The second Item schema types would be expressed as follows:
ID | Field | refines | encoding | default | required | Scope Note |
---|---|---|---|---|---|---|
15 | item2.date.issued | dcterms:date | W3CDTF | ${now} | true | Date of publication or distribution. |
25 | item2.identifier.uri | dcterms:identifier | URI | true | Uniform Resource Identifier | |
37 | item2.language | dcterms:language | RFC5646 | en | Catch-all for non-ISO forms of the language of the item, accommodating harvested values. | |
62 | item2.subject.mesh | dcterms:subject | URI | MEdical Subject Headings | ||
64 | item2.title | dcterms:title | Literal | true | Title statement/title proper. | |
66 | item2.type | dcterms:type | Class | Nature or genre of content. | ||
... | ... | ... | ... | ... | ... | ... |
Metadata Schema: "dcterms"
where "dcterms:xxx" refinements point to a new Schema in the repository that contains the fields required for the typical dcterms namespace. In the current case, with the "item" and "item2" schema, this schema is not applied directly to Items, but inherited into defined "item" fields through "refinement".

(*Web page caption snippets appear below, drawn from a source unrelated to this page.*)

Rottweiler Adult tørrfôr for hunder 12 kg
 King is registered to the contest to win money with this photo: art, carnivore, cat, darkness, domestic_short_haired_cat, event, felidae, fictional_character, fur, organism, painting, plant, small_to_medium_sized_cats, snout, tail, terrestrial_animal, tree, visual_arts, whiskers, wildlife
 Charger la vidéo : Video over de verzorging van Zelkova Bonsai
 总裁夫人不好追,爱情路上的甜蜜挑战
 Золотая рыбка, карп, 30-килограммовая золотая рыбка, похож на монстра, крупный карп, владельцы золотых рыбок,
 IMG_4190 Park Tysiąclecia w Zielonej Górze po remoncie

ID | Field | refines | encoding | default | required | Scope Note | ||
---|---|---|---|---|---|---|---|---|
15 | dcterms.date | rdf:Property | W3CDTF | ${now} | true | Date of publication or distribution. | ||
25 | dcterms.identifier | rdf:Property | URI | true | Uniform Resource Identifier | |||
37 | dcterms.language | rdf:Property | RFC5646 | en | Catch-all for non-ISO forms of the language of the item, accommodating harvested values. | |||
40 | dc.titleterms.relation | rdf:Property | URI | Catch-all for references to other related items. | ||||
57 | dcterms.subject | rdf:Property | Literal | Uncontrolled index term. | ||||
64 | dcterms.title | rdf:Property | Literal | dc:title | TEXT | true | Title statement/title proper. | |
66 | dcterms.type | dcrdf:typeProperty | Class | Nature or genre of content. | ||||
... | ... | ... | ... | ... | ... | ... |
Data Model Changes to Support This Proposal
To support this prpoposal, only additional fields and relational tables will be required to be added to the existing DSpace schema.
Schema2dso:
This table will be utilized to directly map any specified schema as a validation target for any existing DSpace Item. One, or more than one Schema assignment will be allow, creating a situation where an Item may be polymorphic and support more than one type.
Schema2container:
This table will support the identification of which schema should be applied to new Items being created in any Collection within DSpace. This will be extended when support for metadata at all levels of DSpace is introduced, allowing assignment of Collection and Community "Types" to Community containers and likewise, support for Specific Bitstream types to be allowed in Item Containers.
A tentative list of new fields and tables is exemplified int he class diagram below.
The above solution can be easily encoded into the database schema, while the existing MetadataSchema, MetadataField and MetadataValue objects should be easy extendable to support new methods and business logic.